Source material —
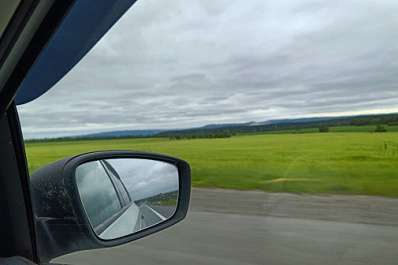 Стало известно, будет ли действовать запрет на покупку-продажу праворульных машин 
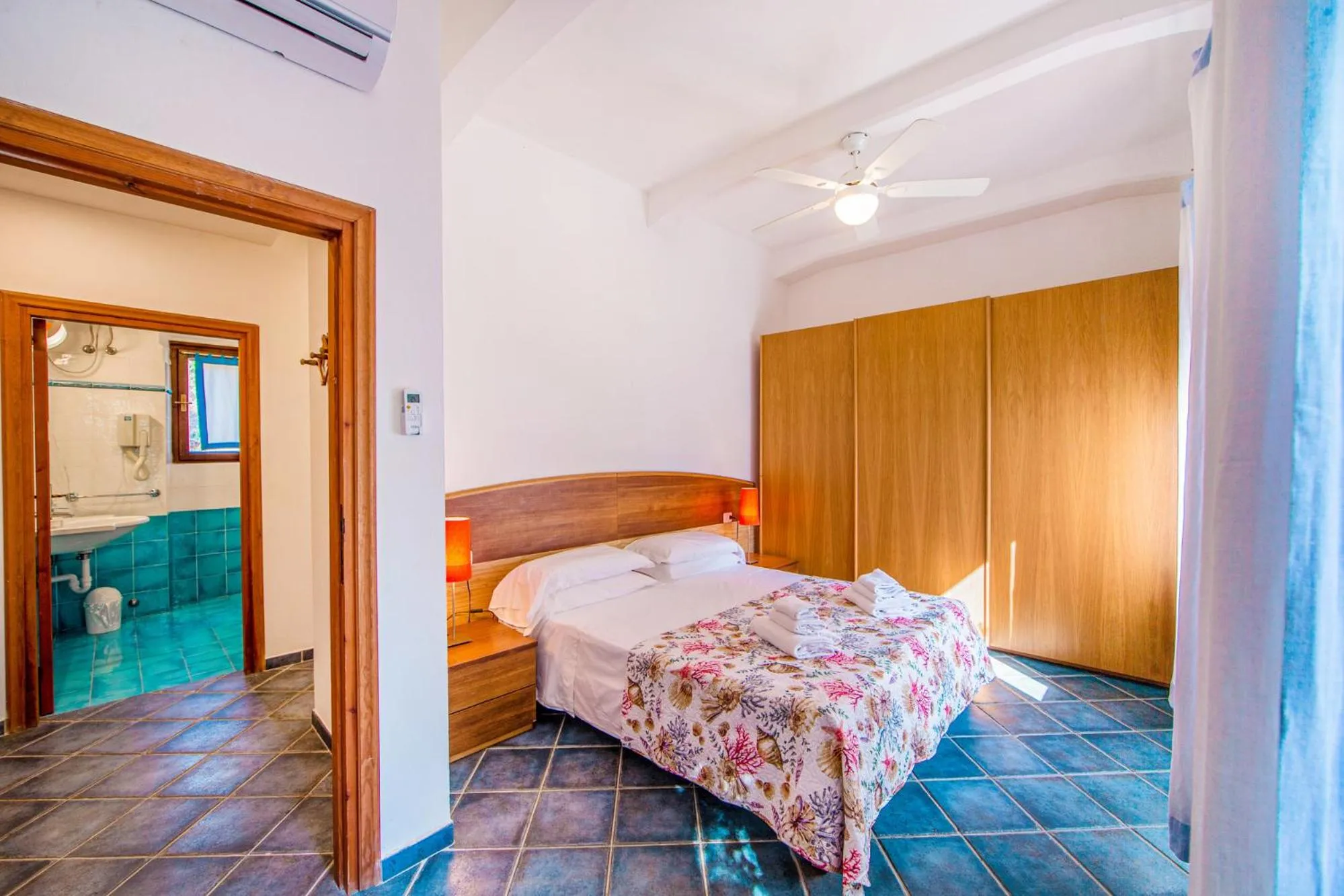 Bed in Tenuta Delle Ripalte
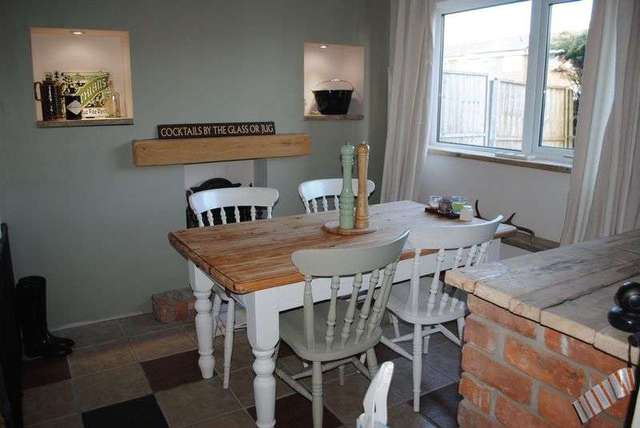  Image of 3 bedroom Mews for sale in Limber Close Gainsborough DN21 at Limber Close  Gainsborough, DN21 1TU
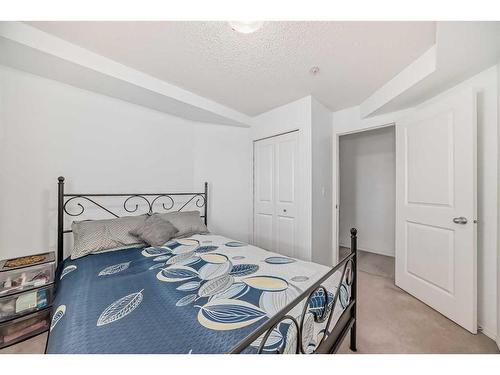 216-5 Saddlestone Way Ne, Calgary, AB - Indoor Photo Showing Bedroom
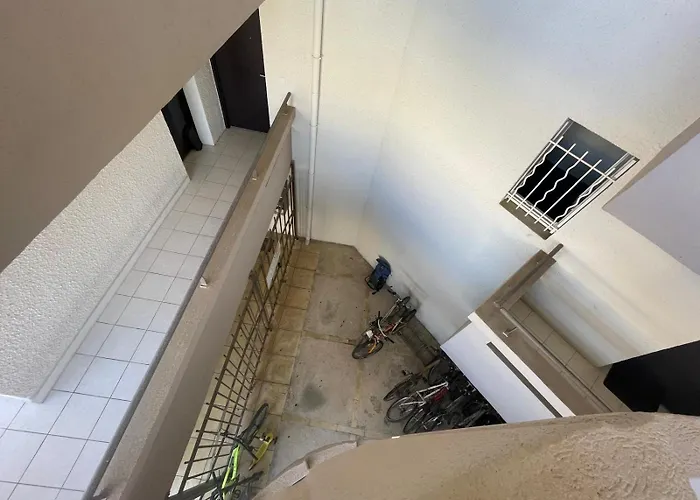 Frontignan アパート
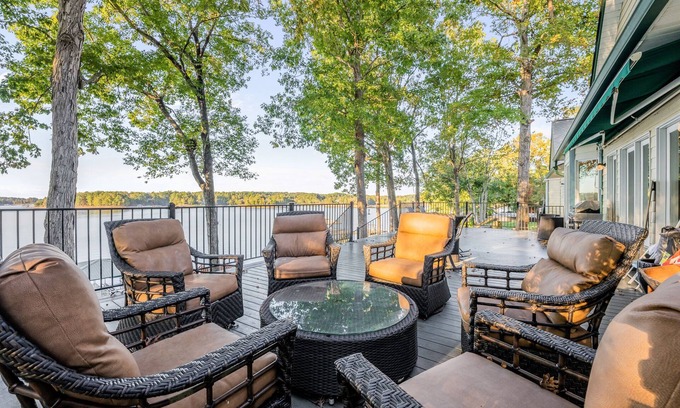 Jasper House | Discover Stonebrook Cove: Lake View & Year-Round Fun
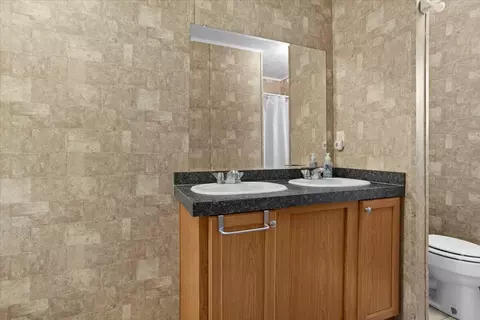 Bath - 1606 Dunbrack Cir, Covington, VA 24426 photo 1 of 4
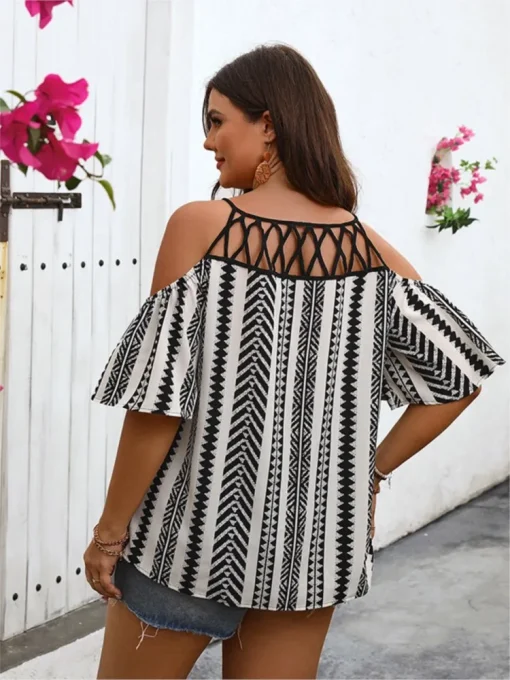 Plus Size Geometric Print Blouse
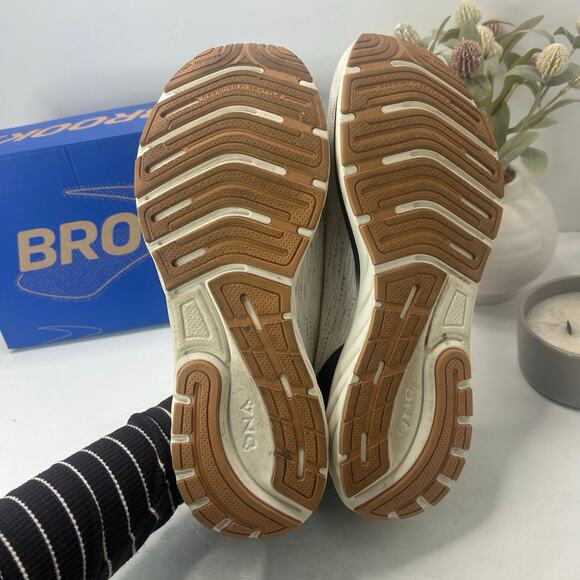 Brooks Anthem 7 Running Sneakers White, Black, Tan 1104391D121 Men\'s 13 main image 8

Task requirements — The entire listing above, word for word and without pictures, is what should be output.

Task output —
 Стало известно, будет ли действовать запрет на покупку-продажу праворульных машин 
 Bed in Tenuta Delle Ripalte
  Image of 3 bedroom Mews for sale in Limber Close Gainsborough DN21 at Limber Close  Gainsborough, DN21 1TU
 216-5 Saddlestone Way Ne, Calgary, AB - Indoor Photo Showing Bedroom
 Frontignan アパート
 Jasper House | Discover Stonebrook Cove: Lake View & Year-Round Fun
 Bath - 1606 Dunbrack Cir, Covington, VA 24426 photo 1 of 4
 Plus Size Geometric Print Blouse
 Brooks Anthem 7 Running Sneakers White, Black, Tan 1104391D121 Men\'s 13 main image 8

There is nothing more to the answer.